Ken Lay PortraitOne aspect of this movie that particularly pleased me was its unwillingness to give any of the top executives a pass. It lays responsibility right where it belongs—at the top. There are great sequences in the film that include accusations by Sharon Watkins (the inside executive who was appalled at what she found and eventually testified against the company), and ridiculous rebuttals by Skilling in front of Congress. But the film doesn’t stop with Skilling and indicts Lay as well. As Skilling had, Lay claims he didn’t know anything about what these rogue people were doing in his company, and therefore claims no responsibility for what happened.
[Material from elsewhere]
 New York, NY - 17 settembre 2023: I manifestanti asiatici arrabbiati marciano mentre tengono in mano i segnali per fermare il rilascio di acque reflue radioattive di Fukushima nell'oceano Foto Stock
Sure, he and Skilling had dumped millions in stock options just before the company tanked, had hired the people who screwed the world with its Ponzi schemes, and oversaw the downfall of the country’s 7th largest corporation—but its not their fault!

Kurt Eichenwald recently wrote a book on the same subject, titled “Conspiracy of Fools.” I had been particularly interested in reading this book when it first came out, as I was engrossed by his last work, “The Informant,” which lays out the details behind an ADM price-fixing scam in the style of a John Grisham novel. But my reading of reviews of “Fools” revealed that Eichenwald gives Ken Lay a pass and adopts Lay’s defense of ignorance. As unbelievable as his ignorance claims are, their truthfulness is irrelevant in determining guilt or innocence. At the very least Lay engineered and ran the company that screwed 20,000 employees out of a job and lost their billions in pension funds. He managed to get away with hundreds of millions in cash himself, though.

I do wish “Smartest Guys” had done a better job explaining the complex accounting schemes that led to the company’s unreal growth around 2000. Enron created hundreds of “partner” companies, usually consisting of nothing but paper, that they used both to squirrel away debt and to realize projected profits from. These schemes, combined with the confident attitudes and connections to power allowed them to blind the stock analysts who gave them nothing but buy ratings. The film missed an opportunity to unravel this mystery through a simple diagram and explanation.

I also would have liked to have heard more about the aftermath of Enron—the calls for corporate accountability by the citizens and the degree to which our government responded (or failed to respond). How much did Bush play in blocking these reforms? Was enough done to prevent this in the future?

Minor quips aside, “Smartest Guys” is a great film that does a noble service in pointing out that Enron is not an aberration, but is a direct and logical result from the structures we have setup and tolerate as a society. As the film mentions near its end: if it looks too good to be true, than it probably is—a fitting cliché for 21st century America, its corporate dominance, and its superpower politics.